11 giugno 2009

La sottile linea verde: il dialogo e le elezioni in Iran

Se il presidente siriano Assad sembra aver deciso che in fondo gli conviene rimettersi in gioco, a Teheran la partita è molto più complicata. Innanzitutto dalla lunga campagna elettorale e dai proclami che durante questa sono stati usati dal candidato alla rielezone, il presidente Ahmadinejad. L’ala dura del regime iraniano ha etichettato le aperture di Washington come propaganda: il leader supremo, l’ayatollah Khamenei, ha ricordato che «l’odio che gli iraniani sentono per gli Stati Uniti è profondo» mentre un articolo comparso sul settimanale delle Guardie della rivoluzione, Sobh-e Sadeq, spiegava che, al Cairo, Obama non ha fatto che ribadire vecchi concetti mentre gli Usa continuano a finanziare organizzazioni che vogliono distruggere la Repubblica islamica. Non esattamente aperture.

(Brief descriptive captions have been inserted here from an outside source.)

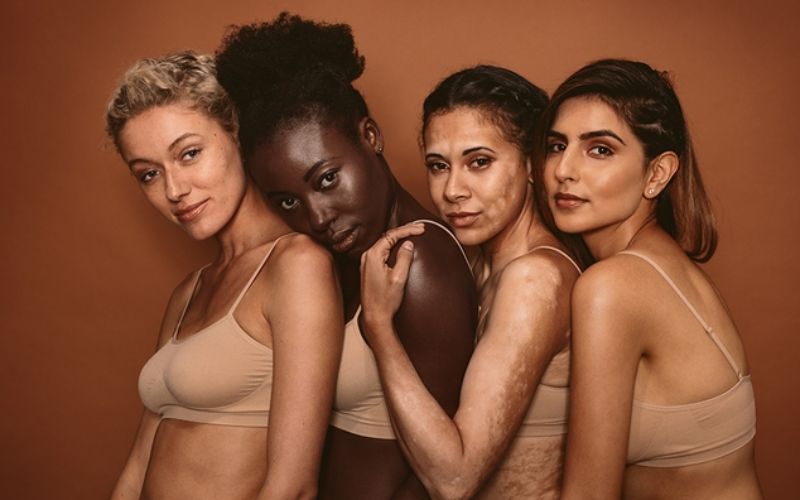 Melanin có thể điều chỉnh được quá trình sản xuất cytokine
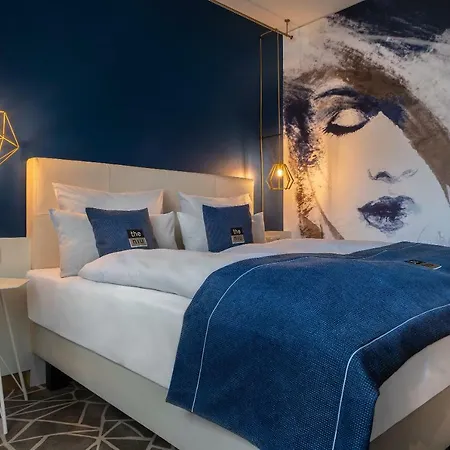 - The Niu, Ridge Halle Station By Ihg Hotel Halle (Saale)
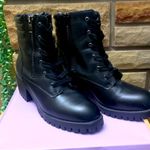 Madden Girl Hushh Hiker Boot Photo 0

Eppure diverse agenzie di stampa iraniane (Irna, Isna, Fars) riportano dichiarazioni di figure non secondarie che spiegano che il dialogo non è tabù. Tanto più che un sondaggio pubblicato di recente indica che le priorità degli iraniani sono l’economia, elezioni e stampa libere e migliori relazioni con l’Occidente. Il sondaggio, condotto a maggio, indica Ahmadinejad come favorito di poco e, con il 70 per cento dei consensi, vede le persone interrogate favorire la rinuncia all’arma nucleare in cambio di buone relazioni con gli Usa.
Il terreno sarebbe quindi fertile. Tanto più che Washington e Teheran condividono diverse preoccupazioni a cominciare dalla situazione afghana. Le tensioni crescenti tra Teheran e i Paesi arabi preoccupati per il peso crescente degli sciiti favoriscono in qualche modo il dialogo.
Il primo grande problema che gli americani hanno è capire davvero chi parlare. I centri di potere della Repubblica islamica sono molti e spesso in conflitto tra loro. Lo si è capito un poco durante il regno di Ahmadinejad - con segnali non univoci sulla disponibilità a trattare sul programma nucleare - e lo si è capito benissimo negli anni del riformista Khatami, che perse la sua battaglia politica anche e a causa della quantità di freni e poteri di veto da parte di autorità religiose e istituzionali varie. L’esito delle presidenziali non basterà a spianare la strada al dialogo anche se dovesse vincere Moussavi. E poi, come ha scritto
Mohamed El Baradei, ex capo dell’Aiea che ha tribolato per anni attorno al programma atomico di Teheran, «gli iraniani sono dei bravissimi baazaris (commercianti di baazar, ndr.)» e aspetteranno di capire quel’è il risultato della revisione della politica Usa prima di scoprirsi. E’ un problema che Obama, Clinton e gli altri avranno anche in altri Paesi con i quali vogliono aprire il dialogo.
Il nodo più grande e complicato è però un altro. L’Iran vuole vedersi riconosciuto un ruolo da potenza regionale. E soprattutto, praticamente tutta la classe politica nata con la rivoluzione del ’79 ha come preoccupazione quella di mantenere in vita la Repubblica islamica. Dialogare con Teheran, per gli americani, significa riconoscere questo punto di partenza. Gli ayatollah non vogliono giocare una partita a scacchi sul programa nucleare - per quello hanno rifiutato le proposte europee di aiuti in cambio di rinuncia - ma essere rassicurati sul fatto che il dialogo non sarà la loro fine. Hanno molte armi da giocarsi per convincere gli americani: possono premere sui diversi compagni d’affari europei che hanno (Italia, Francia, Russia), chiudere o meno i rubinetti ad Hezbollah, alimentare il disordine iracheno e altro ancora. Dal dialogo, Teheran ha da guadagnare sul fronte economico e del prestigio regionale. Usa e Iran, insomma, hanno molto da scambiarsi. Ma come a Teheran, anche a Washington c’è chi proprio non vuole discutere: ieri l’ex ambasciatore neocon all’Onu Bolton scriveva sul Wall street Journal che se Israele colpisse le centrali nucleari iraniane non ci sarebbe nulla da temere. Quando si dice gli opposti estremismi.